3D / Advanced / Supercomputing

This Compliancy Level is for highest performance and energy efficiency. All aspects of SVP64 must be entirely implemented, in full, in Hardware. How that is achieved is entirely at the discretion of the implementor: there are no hard requirements of any kind on the level of performance, just as there are none in the Vulkan(TM) Specification.

Throughout the SV Specification however there are hints to Micro-Architects: byte-level write-enable lines on Register Files is strongly recommended, for example, in order to avoid unnecessary Read-Modify-Write cycles and additional Register Hazard Dependencies on fine-grained (8/16/32-bit) operations.

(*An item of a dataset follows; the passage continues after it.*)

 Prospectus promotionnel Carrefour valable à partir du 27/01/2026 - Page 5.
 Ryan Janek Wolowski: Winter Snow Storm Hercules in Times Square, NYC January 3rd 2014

Just as with SRAMs multiple write-enable lines may be raised to update higher-width elements.


Assuming that hardware implements scalar operations only, and implements predication but not elwidth overrides:

setvli r0, 4            # sets VL equal to 4
sv.addi r5, r0, 1       # raises an 0x700 trap
setvli r0, 1            # sets VL equal to 1
sv.addi r5, r0, 1       # gets executed by hardware
sv.addi/ew=8 r5, r0, 1  # raises an 0x700 trap
sv.ori/sm=EQ r5, r0, 1  # executed by hardware

The first sv.addi raises an illegal instruction trap because VL has been set to 4, and this is not supported. Likewise elwidth overrides if requested always raise illegal instruction traps.

Such an implementation would qualify for the "Ultra-Embedded" SV Level. It would not qualify for the "Embedded" level because when VL=4 an Illegal Exception is raised, and the Embedded Level requires full VL Loop support in hardware.